(MATERIAL PROVIDED)

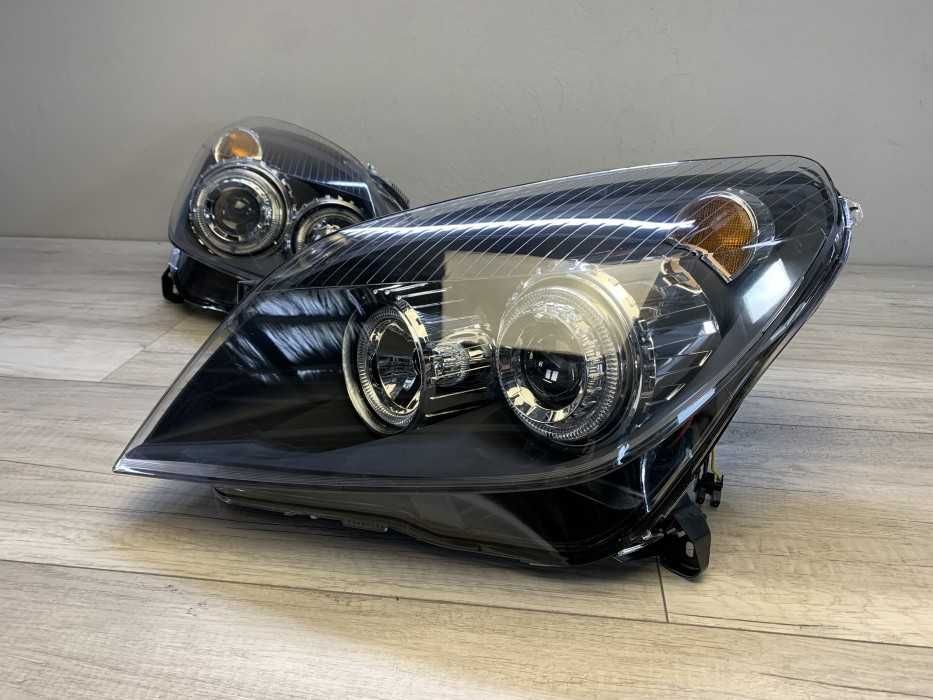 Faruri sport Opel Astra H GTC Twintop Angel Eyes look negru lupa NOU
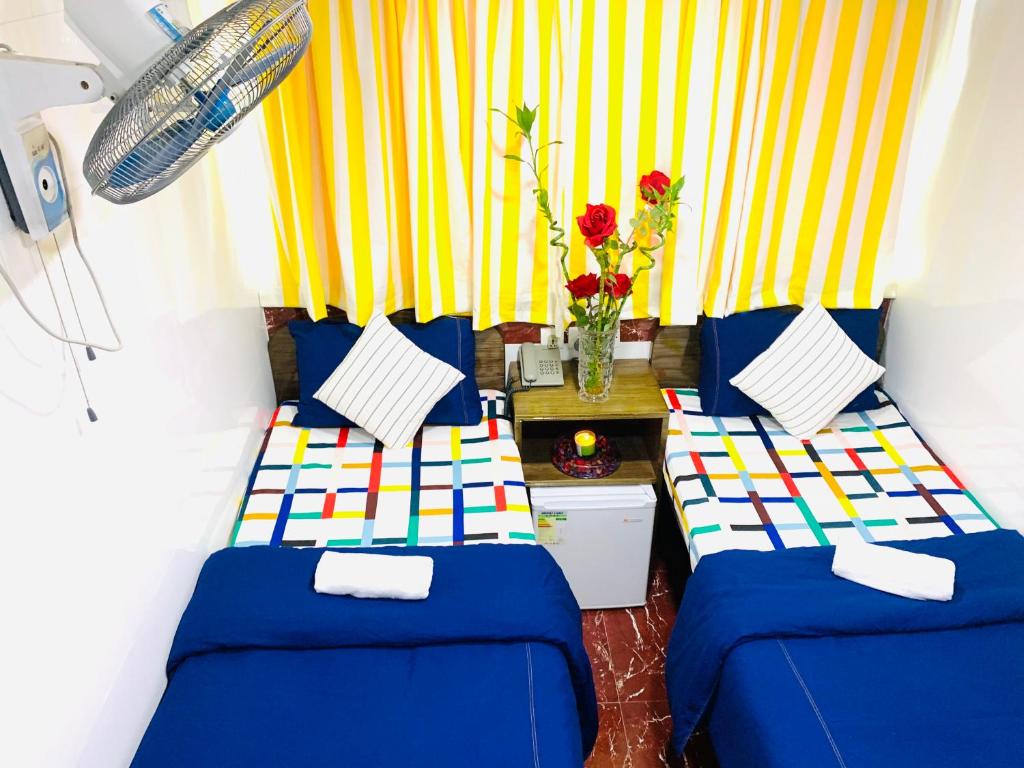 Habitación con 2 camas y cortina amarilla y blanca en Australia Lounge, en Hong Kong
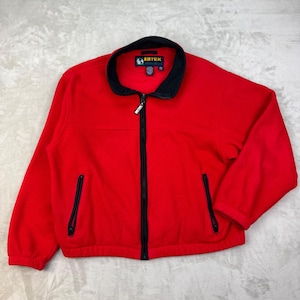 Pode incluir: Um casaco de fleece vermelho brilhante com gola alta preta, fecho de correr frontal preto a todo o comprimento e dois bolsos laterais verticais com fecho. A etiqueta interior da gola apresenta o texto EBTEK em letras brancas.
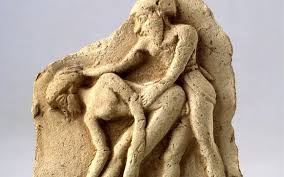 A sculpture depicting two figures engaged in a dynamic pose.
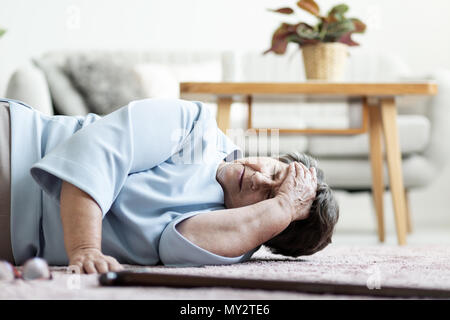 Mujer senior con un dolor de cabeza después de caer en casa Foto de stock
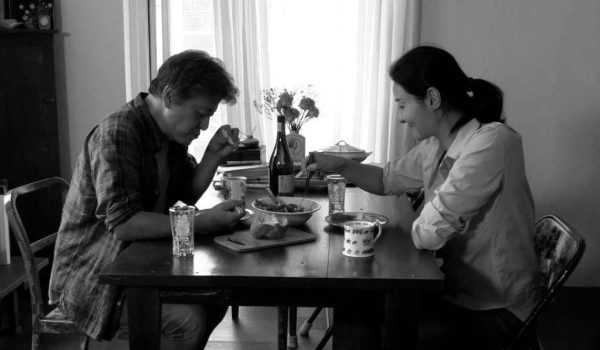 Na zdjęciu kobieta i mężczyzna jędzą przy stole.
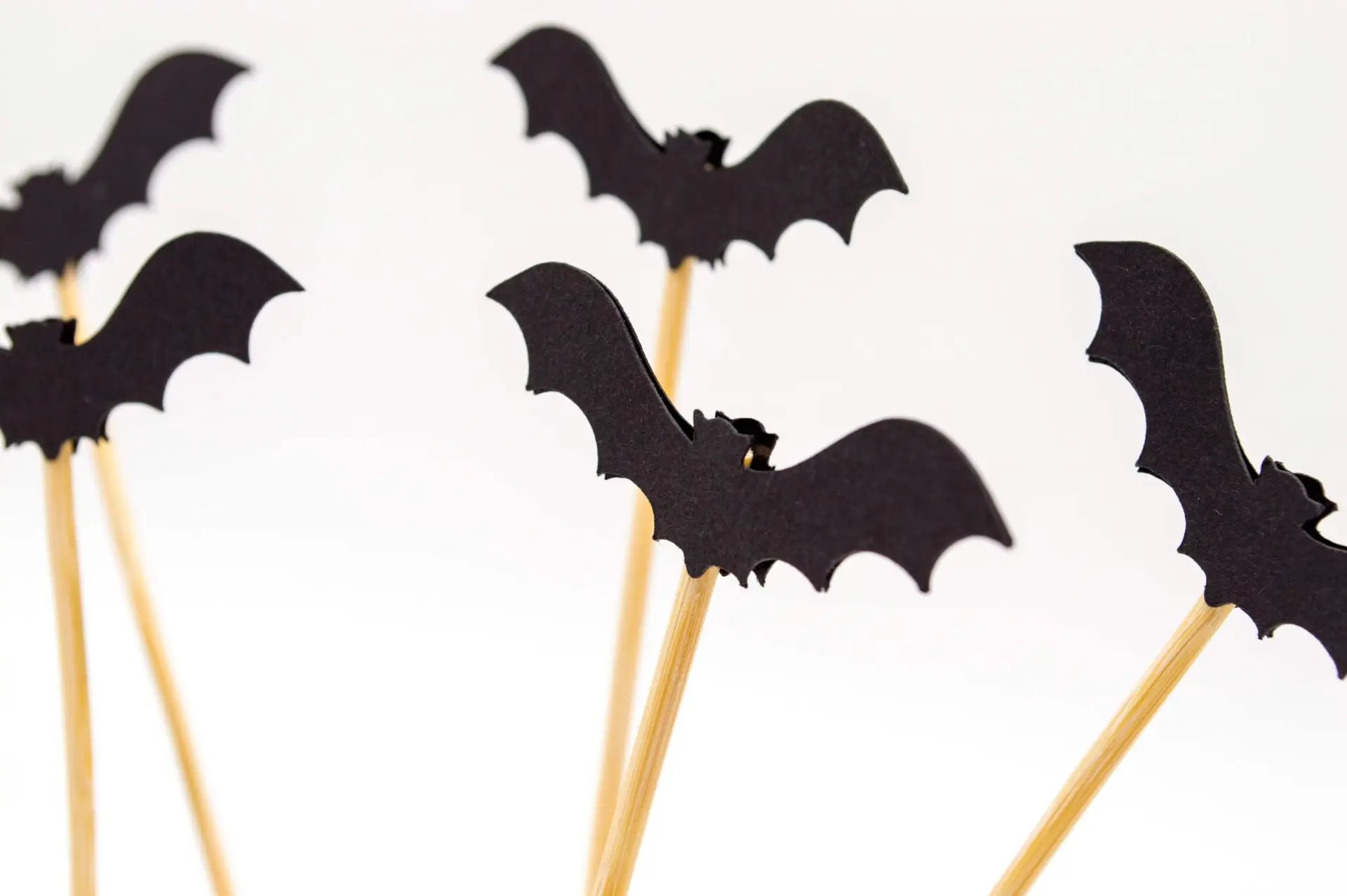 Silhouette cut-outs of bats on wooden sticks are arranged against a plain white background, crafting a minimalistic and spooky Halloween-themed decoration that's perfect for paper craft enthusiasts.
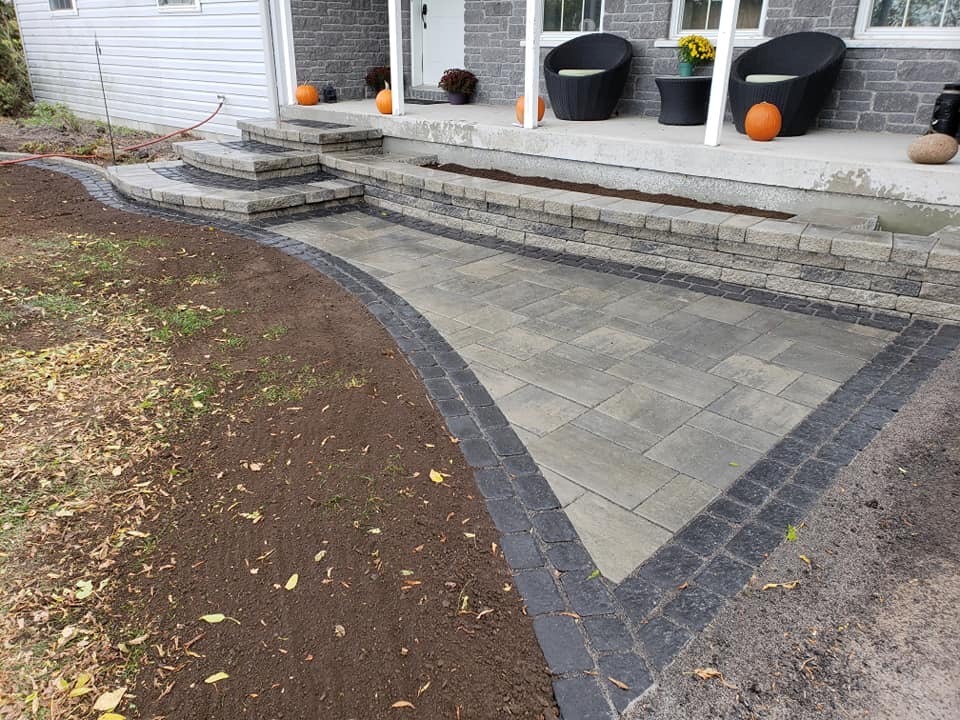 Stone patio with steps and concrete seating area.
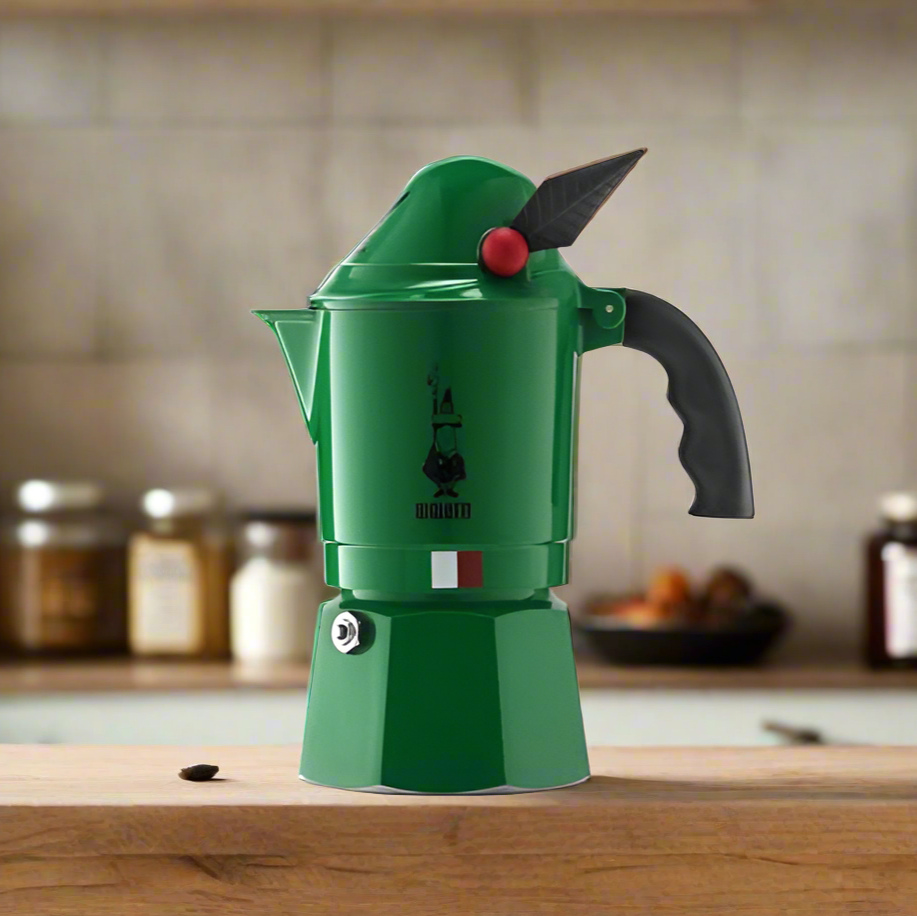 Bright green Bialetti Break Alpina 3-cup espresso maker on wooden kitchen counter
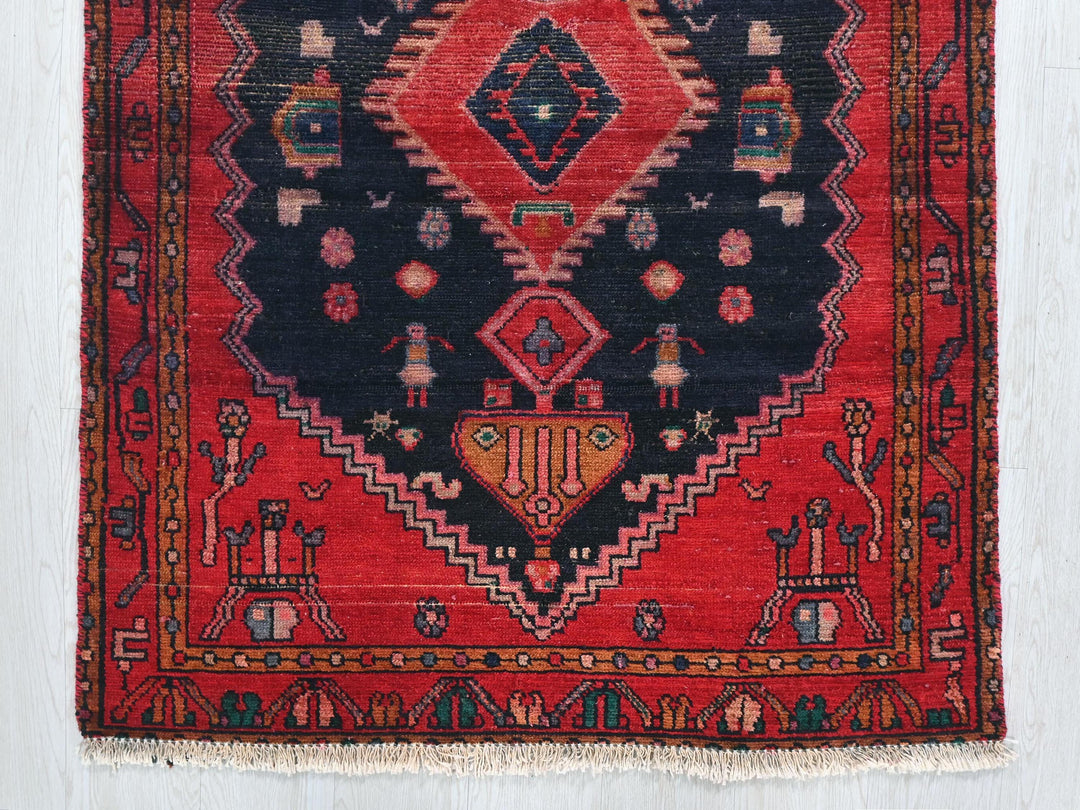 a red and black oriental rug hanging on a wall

(End MATERIAL PROVIDED)

WORK REQUEST >>
Pictures aside, reproduce exactly the lines from the one containing "Stone patio with" to the end of the listing above, both ends included.

WRITTEN RESPONSE >>
 Stone patio with steps and concrete seating area.
 Bright green Bialetti Break Alpina 3-cup espresso maker on wooden kitchen counter
 a red and black oriental rug hanging on a wall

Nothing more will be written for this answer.